## Stored records

---

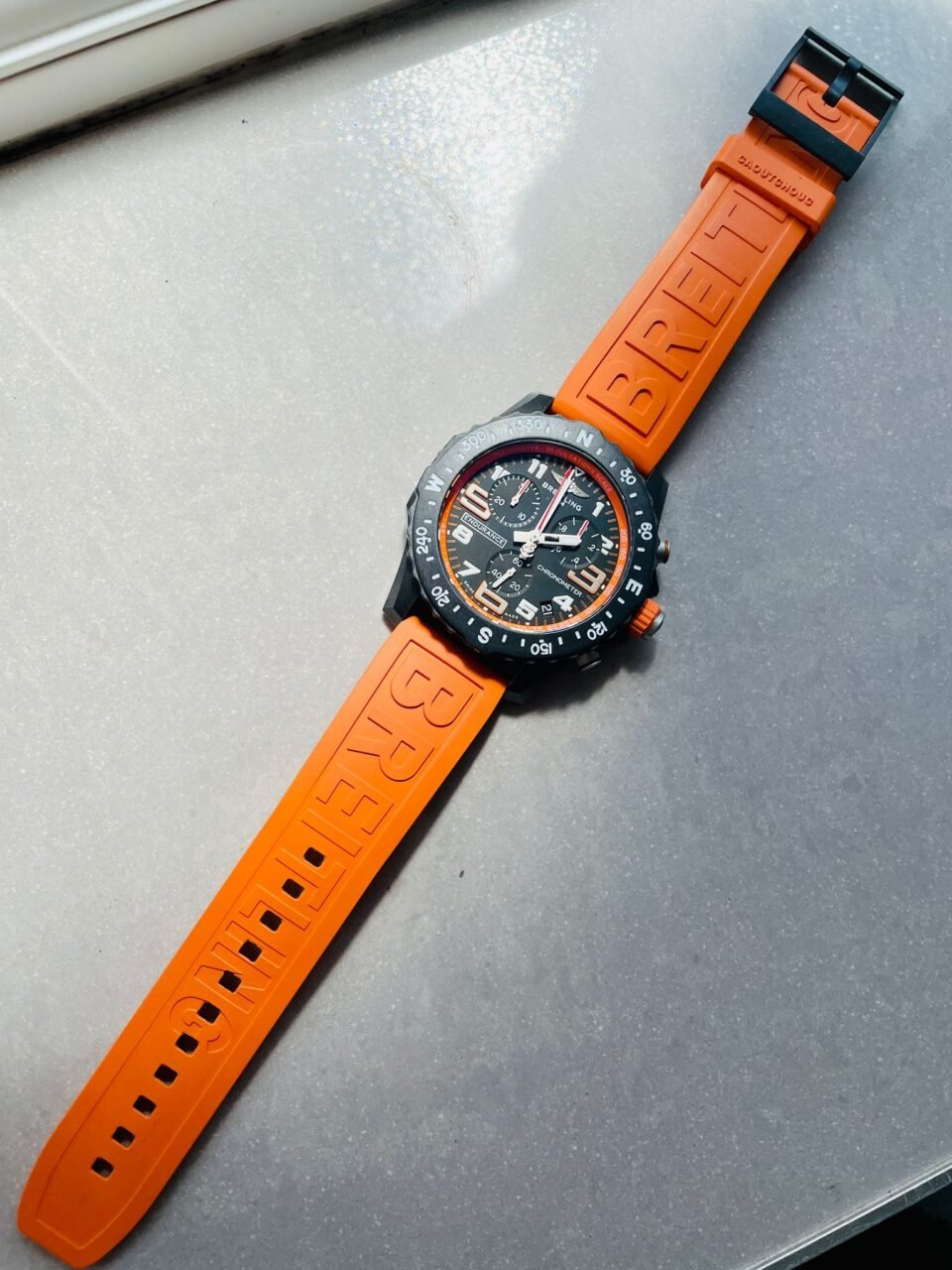Endurance pro OGF 44mm Black dial orange Rubber Strap quartz movement - Image 2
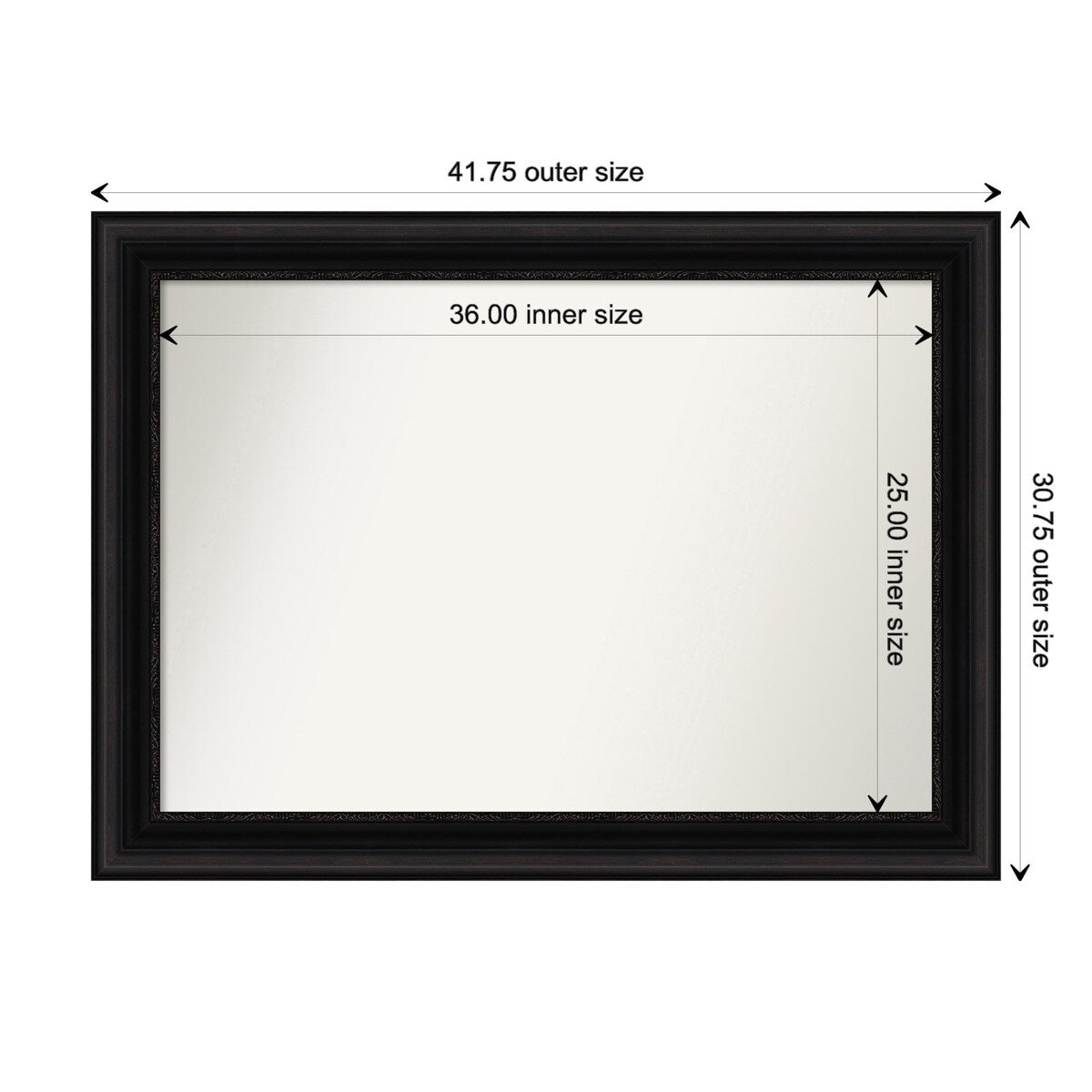 Parlor Black Framed Non-Beveled Custom Wall Mirror, Bathroom Vanity Mirror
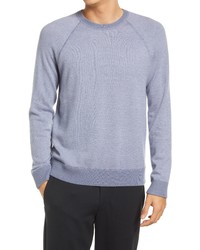 Vince Birds Eye Wool Cashmere Pullover In Iris Bluepearl At Nordstrom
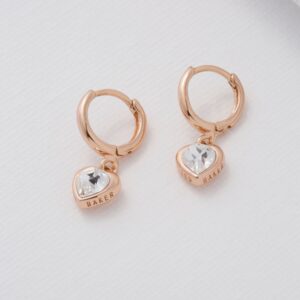 Ted Baker London Hanniy Crystal Heart Huggie Hoop Earrings for Women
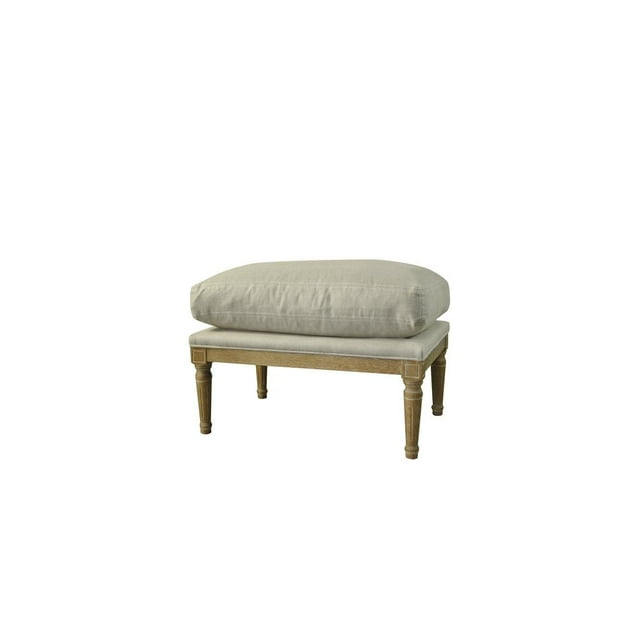 American Home Classic - Warren Ottoman in Off White Linen (Seat Height 18")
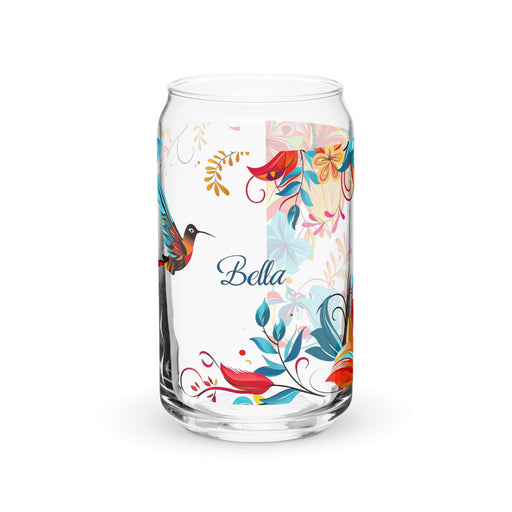 Bella Exclusive Name Art Piece Can-Shaped Glass Home Office Work Mexican Spanish Pride Gift Cup One-Of-A-Kind Calligraphy Glass | B27 Mexicada 16 oz (No Lid No Straw)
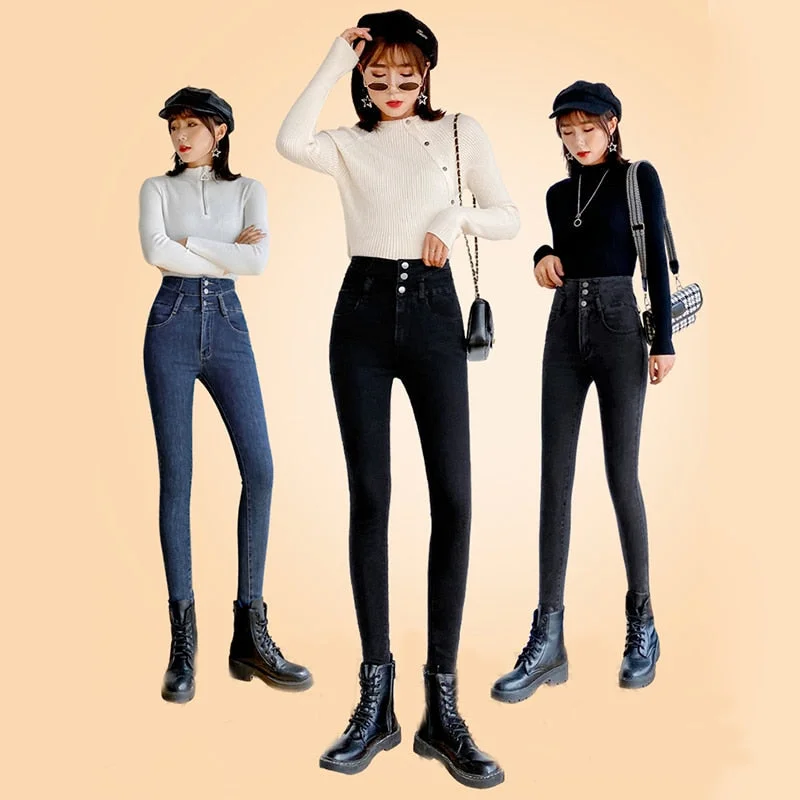 Women's Korean Casual Style Stretch Skinny High Waist Denim Jeans Chic Double Waistband Jeans Women's Korean Casual Style Stretch Skinny High Waist Denim Jeans Chic Double Waistband Jeans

---

## REQUIRED ACTION
Copy the lines above exactly, starting at the one with "Parlor Black Framed" and ending at the one with "American Home Classic", both included. Leave out any pictures and add nothing else.

## EXPECTED OUTPUT
 Parlor Black Framed Non-Beveled Custom Wall Mirror, Bathroom Vanity Mirror
 Vince Birds Eye Wool Cashmere Pullover In Iris Bluepearl At Nordstrom
 Ted Baker London Hanniy Crystal Heart Huggie Hoop Earrings for Women
 American Home Classic - Warren Ottoman in Off White Linen (Seat Height 18")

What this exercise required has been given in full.